Revised Code 4141.29(D) (2) (a) states in pertinent part:
"(D) Notwithstanding division (A) of this section, no individual may serve a waiting period or be paid benefits under the following conditions:
M* * *
"(2)For the duration of his unemployment if the administrator finds that:
"(a)He quit his work without just cause or has been discharged for just cause in connection with his work,..."
Appellant first urges that there was no proper evidence submitted by Peakload at the administrative hearing. Peakload was represented at the hearings by an employee who testified regarding the employment records, and to certain facts that appellant asserts are hearsay. She also urges that the employee should not have been permitted to represent Peakload at the administrative level because that employee is not an attorney. We reject this argument.
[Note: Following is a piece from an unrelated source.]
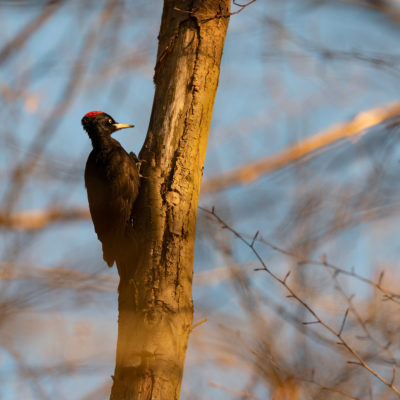 Pic noir (Dryocopus martius) - Black Woodpecker - Forêt de Meudon - Île de France - France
Employer is permitted to authorize any person to represent it in the administrative hearings, Henize v. Giles (1986), 22 Ohio St. 3d 213.
Appellant further urges that she had just cause to quit her employment. "Just cause" is not a term that can be strictly defined, but rather is "that which, to an ordinarily intelligent person, is a justifiable reason for doing or not doing a particular act," Irvine v. Unemployment Compensation Board of Review (1985), 19 Ohio St. 3d 15, at 17, citing Peyton v. Sun T.V. (1975), 44 Ohio App. 2d 10, 12.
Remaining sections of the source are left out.